Voici là-bas des arbres ! Quel étonnement ! Ils sont déjà hauts, bien que plantés seulement depuis quatre arts, et témoignent de l’étonnante richesse de cette terre et des résultats que peut donner une culture raisonnée et sérieuse. Puis, au milieu de ces arbres, apparaissent de grands bâtiments sur lesquels flotte le drapeau français. C’est l’habitation du régisseur général et l’œuf de la ville future. Un village s’est déjà formé autour de ces constructions importantes, et un marché y a lieu tous les lundis, où se font de très grosses affaires. Les Arabes y viennent en foule de points très éloignés.
Rien n’est plus intéressant que l’étude de l’organisation de cet immense domaine où les intérêts des indigènes ont été sauvegardés avec autant de soin que ceux des Européens.
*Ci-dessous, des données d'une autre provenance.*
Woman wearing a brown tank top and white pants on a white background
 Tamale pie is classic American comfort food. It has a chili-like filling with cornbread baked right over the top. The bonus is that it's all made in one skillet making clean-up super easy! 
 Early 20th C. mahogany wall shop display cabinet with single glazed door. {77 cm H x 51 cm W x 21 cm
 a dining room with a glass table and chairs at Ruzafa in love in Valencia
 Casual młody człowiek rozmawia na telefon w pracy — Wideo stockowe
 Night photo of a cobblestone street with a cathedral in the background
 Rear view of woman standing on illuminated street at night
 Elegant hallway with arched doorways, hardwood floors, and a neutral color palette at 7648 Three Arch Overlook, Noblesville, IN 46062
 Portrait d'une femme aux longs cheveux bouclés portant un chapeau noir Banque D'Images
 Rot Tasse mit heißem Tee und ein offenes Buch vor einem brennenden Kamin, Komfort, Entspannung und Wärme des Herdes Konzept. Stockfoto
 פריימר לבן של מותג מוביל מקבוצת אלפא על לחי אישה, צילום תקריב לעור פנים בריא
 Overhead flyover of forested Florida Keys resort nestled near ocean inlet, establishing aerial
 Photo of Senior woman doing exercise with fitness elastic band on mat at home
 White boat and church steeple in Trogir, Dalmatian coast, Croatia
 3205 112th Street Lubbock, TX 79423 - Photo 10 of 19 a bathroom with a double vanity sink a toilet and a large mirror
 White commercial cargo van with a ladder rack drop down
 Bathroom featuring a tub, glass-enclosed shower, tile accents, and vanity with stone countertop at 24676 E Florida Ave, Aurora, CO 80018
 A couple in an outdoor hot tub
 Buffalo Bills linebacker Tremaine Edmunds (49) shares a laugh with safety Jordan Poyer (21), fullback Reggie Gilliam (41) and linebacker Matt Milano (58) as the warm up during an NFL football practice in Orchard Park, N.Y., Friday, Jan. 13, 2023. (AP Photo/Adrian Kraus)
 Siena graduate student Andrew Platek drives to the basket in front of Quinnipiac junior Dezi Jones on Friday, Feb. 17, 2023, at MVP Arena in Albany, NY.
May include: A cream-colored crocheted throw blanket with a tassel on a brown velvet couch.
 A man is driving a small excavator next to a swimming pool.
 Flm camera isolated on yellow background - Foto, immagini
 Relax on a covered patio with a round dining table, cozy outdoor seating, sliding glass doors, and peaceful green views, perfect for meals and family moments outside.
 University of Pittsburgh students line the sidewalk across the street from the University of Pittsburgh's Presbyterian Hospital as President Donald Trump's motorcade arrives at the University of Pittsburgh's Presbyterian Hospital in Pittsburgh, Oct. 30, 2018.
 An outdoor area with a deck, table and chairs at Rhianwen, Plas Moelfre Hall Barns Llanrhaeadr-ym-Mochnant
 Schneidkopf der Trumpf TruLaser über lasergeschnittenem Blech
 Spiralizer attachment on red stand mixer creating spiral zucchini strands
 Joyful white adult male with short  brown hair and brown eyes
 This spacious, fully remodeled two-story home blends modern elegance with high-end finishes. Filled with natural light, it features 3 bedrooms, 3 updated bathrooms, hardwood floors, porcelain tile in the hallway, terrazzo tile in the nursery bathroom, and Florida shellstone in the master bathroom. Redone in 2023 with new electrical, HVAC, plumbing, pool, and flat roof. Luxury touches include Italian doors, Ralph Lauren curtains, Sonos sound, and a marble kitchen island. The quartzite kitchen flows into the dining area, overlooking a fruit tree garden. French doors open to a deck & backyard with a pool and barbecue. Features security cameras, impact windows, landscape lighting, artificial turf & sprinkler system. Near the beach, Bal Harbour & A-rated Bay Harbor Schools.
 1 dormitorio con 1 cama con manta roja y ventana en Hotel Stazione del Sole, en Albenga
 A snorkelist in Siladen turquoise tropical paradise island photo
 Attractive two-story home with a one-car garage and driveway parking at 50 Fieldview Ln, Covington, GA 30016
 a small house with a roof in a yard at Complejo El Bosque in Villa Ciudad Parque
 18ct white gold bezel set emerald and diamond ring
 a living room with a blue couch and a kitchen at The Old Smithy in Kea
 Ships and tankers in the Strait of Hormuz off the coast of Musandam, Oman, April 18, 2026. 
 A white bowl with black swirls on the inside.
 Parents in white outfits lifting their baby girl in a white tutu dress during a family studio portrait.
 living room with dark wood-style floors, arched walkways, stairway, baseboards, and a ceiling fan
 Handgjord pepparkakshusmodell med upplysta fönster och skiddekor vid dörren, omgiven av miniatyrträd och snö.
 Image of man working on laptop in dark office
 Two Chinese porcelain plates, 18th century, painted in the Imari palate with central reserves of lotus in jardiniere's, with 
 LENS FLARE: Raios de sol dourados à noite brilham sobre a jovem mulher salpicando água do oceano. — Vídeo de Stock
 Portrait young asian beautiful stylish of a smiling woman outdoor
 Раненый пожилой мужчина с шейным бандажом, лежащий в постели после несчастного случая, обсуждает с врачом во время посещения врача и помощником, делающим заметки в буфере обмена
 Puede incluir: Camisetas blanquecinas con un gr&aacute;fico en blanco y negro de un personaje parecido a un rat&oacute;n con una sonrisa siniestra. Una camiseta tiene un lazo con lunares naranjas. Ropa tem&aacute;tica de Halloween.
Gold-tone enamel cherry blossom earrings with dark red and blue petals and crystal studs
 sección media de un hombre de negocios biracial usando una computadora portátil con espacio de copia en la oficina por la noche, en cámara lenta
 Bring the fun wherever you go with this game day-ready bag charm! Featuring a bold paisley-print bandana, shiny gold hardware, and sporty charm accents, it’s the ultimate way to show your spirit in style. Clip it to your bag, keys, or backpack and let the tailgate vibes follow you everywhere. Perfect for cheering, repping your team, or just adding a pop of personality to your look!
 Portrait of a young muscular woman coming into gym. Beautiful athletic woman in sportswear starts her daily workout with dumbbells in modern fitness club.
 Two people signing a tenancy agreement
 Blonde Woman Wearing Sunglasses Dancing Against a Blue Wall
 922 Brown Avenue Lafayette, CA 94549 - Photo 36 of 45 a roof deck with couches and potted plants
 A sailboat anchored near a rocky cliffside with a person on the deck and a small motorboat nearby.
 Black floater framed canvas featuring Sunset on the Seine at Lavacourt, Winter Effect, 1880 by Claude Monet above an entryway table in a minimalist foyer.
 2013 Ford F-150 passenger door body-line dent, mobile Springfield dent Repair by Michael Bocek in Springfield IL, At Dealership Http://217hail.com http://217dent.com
C’est là un modèle de gouvernement agraire pour ces pays mêlés où des mœurs essentiellement opposées et diverses appellent des institutions très délicatement prévoyantes.
Après avoir déjeuné dans cette capitale de l’Enfida, nous partons pour visiter un très curieux village perché sur un roc éloigné d’environ cinq kilomètres.
D’abord nous traversons des vignes, puis nous rentrons dans la lande, dans ces longues étendues de terre jaune, parsemées seulement de touffes maigres de jujubiers.
La nappe d’eau souterraine est à deux ou trois ou cinq mètres sous presque toutes ces plaines, qui pourraient devenir, avec un peu de travail, d’immenses champs d’oliviers.
On y voit seulement, de place en place, de petits bois de cactus grands à peine comme nos vergers.
Voici l’origine de ces bois :
Il existe en Tunisie un usage fort intéressant appelé droit de vivification du sol, qui permet à tout Arabe de s’emparer des terres incultes et de les féconder si le propriétaire n’est point présent pour s’y opposer.
Donc l’Arabe apercevant un champ qui lui parait fertile, y plante, soit des oliviers, soit surtout des cactus appelés à tort par lui figuiers de Barbarie, et, par ce seul fait, s’assure la jouissance de la moitié de chaque récolte jusqu’à extinction de l’arbre. L’autre moitié appartient au propriétaire foncier, qui n’a plus dès lors qu’à surveiller la vente des produits, pour toucher sa part régulière.
L’Arabe envahisseur doit prendre soin de ce champ, l’entretenir, le défendre contre les vols, le sauvegarder de tout mal comme s’il lui appartenait en propre, et, chaque année, il met les fruits aux enchères pour que le partage soit équitable. Presque toujours, d’ailleurs, il s’en rend lui-même acquéreur, et paie alors au vrai propriétaire une sorte de fermage irrégulier et proportionnel à la valeur de chaque récolte.